Publié par olivier rachet sur 12 Août 2018, 07:18am

  À quoi pense un dandy avant de se jeter par la fenêtre ? Il se dit qu’il aimerait que son cadavre soit retrouvé par une femme de ménage et s’empresse de passer une annonce afin d’en trouver une. Mais sans doute, est-il d’ailleurs déjà trop tard. Dans son seul et unique roman paru en 1988, et republié aujourd’hui par les éditions La Table Ronde, Daimler s’en va, Frédéric Berthet propose un portrait de son protagoniste sous forme de triptyque brinquebalant. Comme brinquebale l’existence de ceux qui préfèrent se donner la mort, quand toutes les émotions et les sensations que la vie peut offrir leur ont déjà été données. Don, contre-don, potlatch.

  Dans une première partie délibérément fragmentaire, le narrateur – dont Daimler imagine, dans une théorie qui lui est propre, qu’il n’a qu’à se laisser tomber d’une branche sur les sièges arrière d’une voiture décapotable blanche lorsque passerait à l’improviste le personnage, si tant est d’ailleurs que ces sièges existassent – égrène quelques pensées du protagoniste, rapporte de menus faits, en apparence insignifiants, mais douloureusement répétitifs. Que l’on rêve qu’un œuf au plat vous poursuive est une chose ; que ce rêve revienne vous hanter, alors à quoi bon ? Autant écrire des chansons, aux refrains entêtants comme cette « Héroïque » de 1977 : « Je m’appelle Véronique / J’sais pas quelle mouche me pique / C’était pt’être un moustique / Angoisse métaphysique ».
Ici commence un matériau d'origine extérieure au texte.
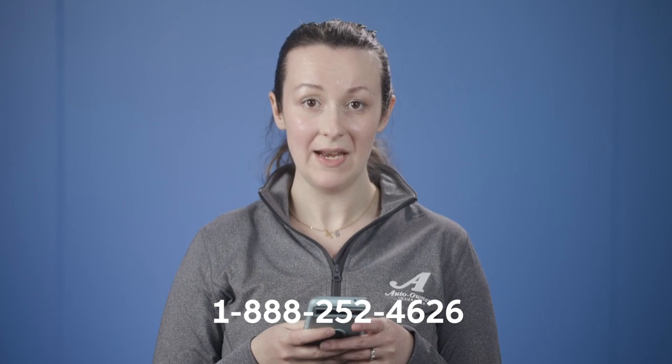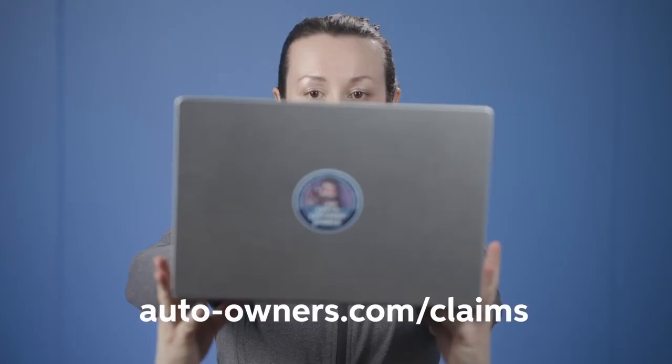Now that you know what an insurance claim is, you may be wondering, how do I go about filing an insurance claim? The best way to file a claim with Auto-Owners is by contacting the local independent agency where you purchased your policy. If the loss occurs after your agent's business hours, you can call 1-888-252-4626 for our after-hours service. You can also visit autoowners.com/claims for more information or to find your agent.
   Bonneval, l’ami de Daimler est au centre des deux autres parties d’un roman, qui disons-le vous arrache le cœur. La mort est difficile, et sans l’aide d’un double dans lequel Daimler se contemple désabusé, sans de précieux décrochages énonciatifs, on ne saurait trop quoi en dire. Un lendemain de cuite. Le lendemain du mariage de sa belle- sœur, Bonneval reçoit une lettre d’adieu de Daimler et n’en croit pas ses yeux. Puis, d’un court de tennis à Normale Sup, il enregistre des mots épars destinés à tracer un portrait de son ami disparu, mais la bande magnétique du magnétophone clignote et c’est le silence. « Raph était comme les chats qui, sautant des gouttières – arrive tout juste à énoncer Bonneval – retombent toujours sur leurs pattes. Seulement les gouttières étaient de plus en plus hautes. » Ils sont peu nombreux les suicidés de la société passés à la postérité dès une première lecture. Jérôme Leroy a mille fois raison de préciser, dans son introduction, que Berthet crée avec Daimler un archétype. Werther se suicidait par amour, de Rubempré par faiblesse de caractère. Daimler, au fond, pour des raisons qui nous restent incompréhensibles. On songe à la prose d’un René Crevel, faisant miroiter avec désespoir les mirages de la raison et les inconséquences de l’inconscient. Mourir n’est rien, sans doute, cher Daimler. Votre personnage rejoint pourtant la cohorte des tous ces débris du Moi que l’on regarde crânement aujourd’hui, de nos perches à selfies, oubliant les squelettes ambulants que nous sommes. Le roman est bien ce miroir brisé en mille morceaux que l’on brinquebale aux hasards de nos vies.

Frédéric Berthet, Daimler s’en va, éditions La Table Ronde.